Renowned German sports-car maker Porsche (POAHY) (POAHF) announced a group profit of €980 million ($1.01 billion) in the first six months of 2016, a big fall from the €1.65 billion profit in the first half of 2015.
"This result was significantly influenced by the profit from the investment accounted for at equity in Volkswagen," Porsche said in a statement.
It added that it still expects annual group profit of between €1.4 billion and €2.4 billion for fiscal 2016, based on the continued uncertainty surrounding exceptional costs surrounding Volkswagen's emission-testing scandal which have already led to multi-billion dollar fines and could mount further. It added that a change in Volkswagen dividend policy which might result from further legal risks could also affect future profits. Porsche owns 52.2% of Volkswagen't ordinary shares and 30.8% of its subscribed capital.
The company made provisions for the cost of litigation in the first half of €21 million, down slightly from €23 million in the first half of last year.
The report listed a string of legal issues, mainly related to either the Volkswagen diesel scandal or legacy matters outstanding from its own attempts to buy Volkswagen in 2008. Most of the latter have now been resolved, with Porsche and its previous managers found not guilty and not liable. In others, Porsche simply dismisses the cases as without merit, but is still required to list them.

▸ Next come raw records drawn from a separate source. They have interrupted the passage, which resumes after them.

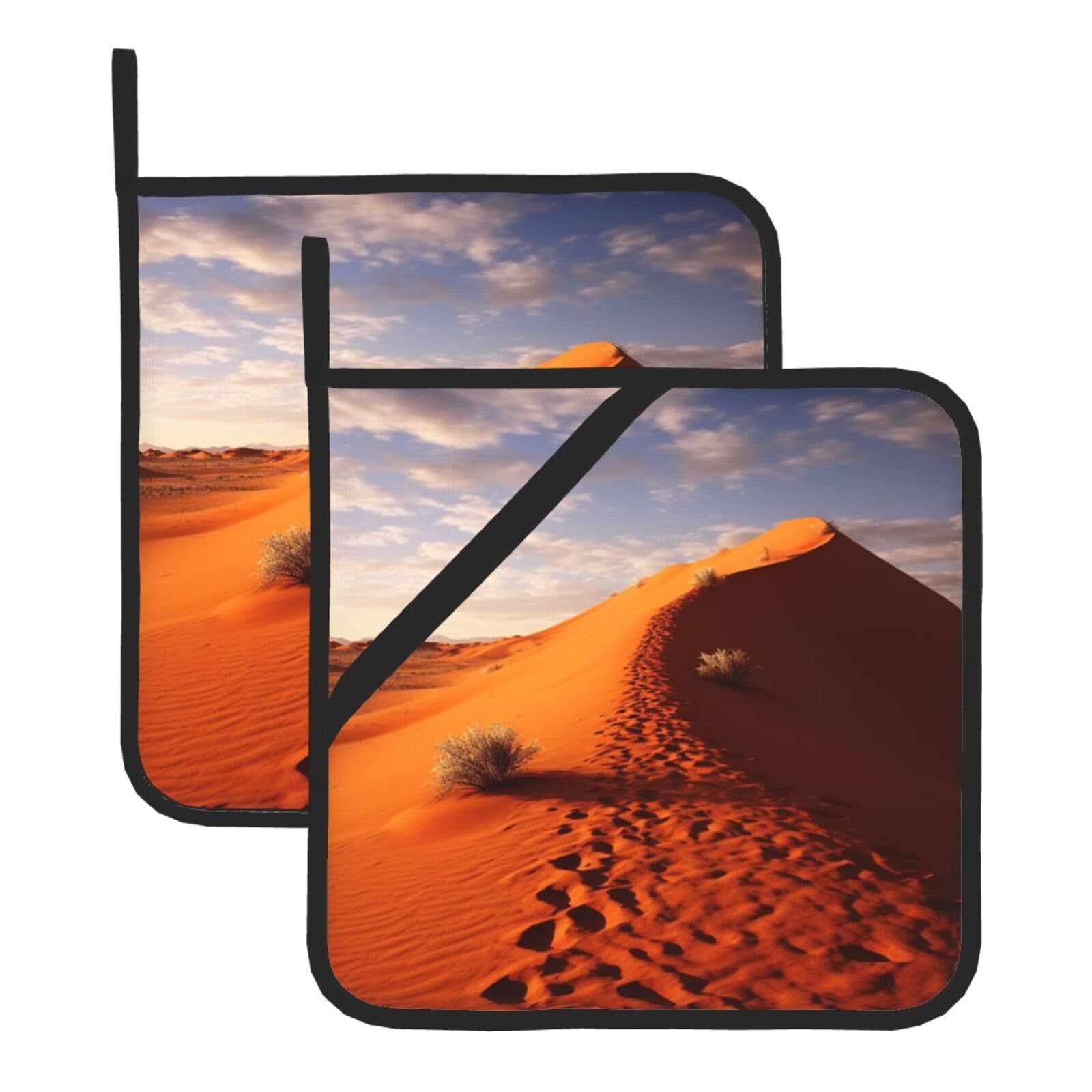 2 Pack Desert Pot Holders for Kitchen Heat Resistant Pot Holders with Pocket Oven Potholders Washable Hot Pads for Cooking Baking Oven Pans Trivet 8x8 Inches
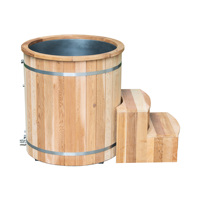 Baignoire de trempage à froid en cèdre rouge avec refroidisseur numérique, cuve de plongée froide avec revêtement en acier inoxydable 304, bandes métalliques, pour spa de station hivernale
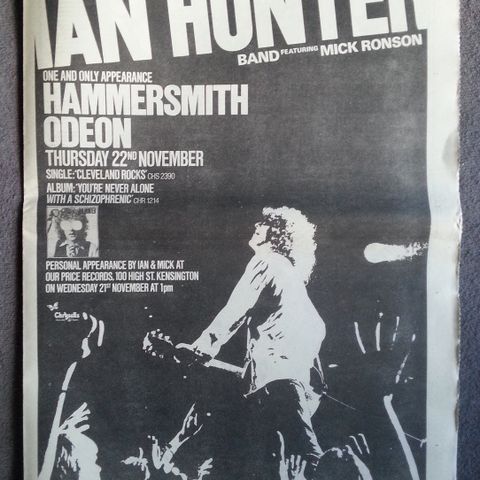 The Ian Hunter Band featuring Mick Ronson (NME, 24. November 1979)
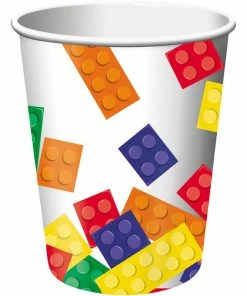 Creative Converting Kids Birthday Party Themes Block Party Hot/Cold Paper Cups 9 Oz., 8 Ct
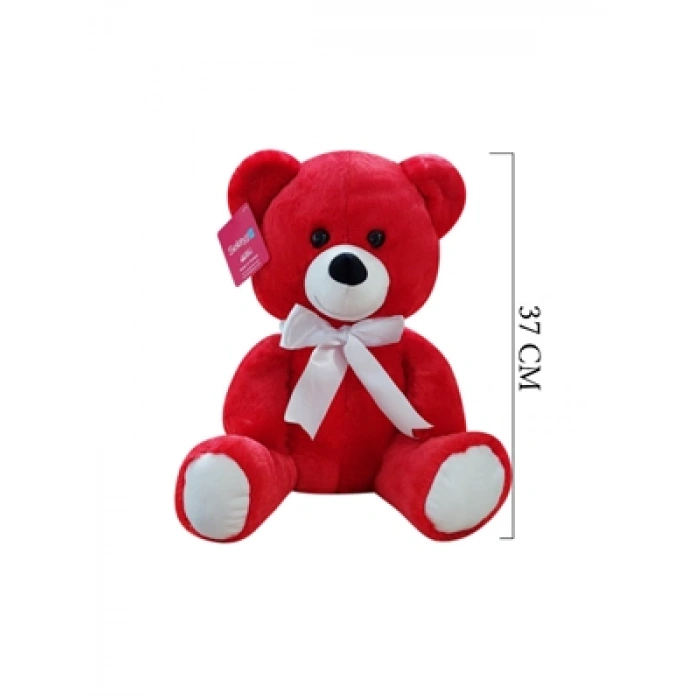3E Grup - Selay 37 Cm Peluş Oturan Ayı Kırmızı 1178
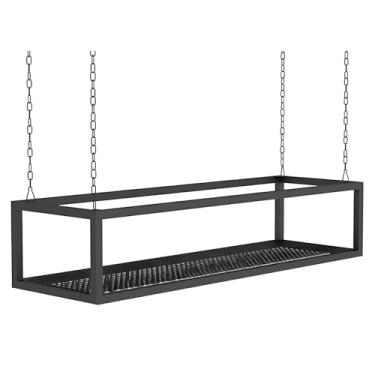 Imagem de Prateleiras flutuantes para pendurar no teto com correntes de ferro e ganchos - rack de vinho de metal, suporte de vaso de plantas, armazenamento decorativo para cozinha, bar, restaurante, varanda (80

Stuttgart, Germany-based Porsche said that as of June 30, 2016, it had net liquidity of €1.32 billion and that this was expected to be between €1.0 billion and €1.5 billion as of December 31, 2016, "not taking future investments into account."
Turning to earnings per share, Porsche said it had a little over 153 million shares outstanding and that earnings per share for the first half were €3.20. That compared with €5.4 per share in the first half of 2015.
Analysts do not customarily compile quarterly earnings estimates for Porsche, although the average estimate for the full year is currently for earnings per share of €7.92.
Porsche was trading in Frankfurt, late morning, Monday at €46.51, down from €46.87 per share at Friday's close.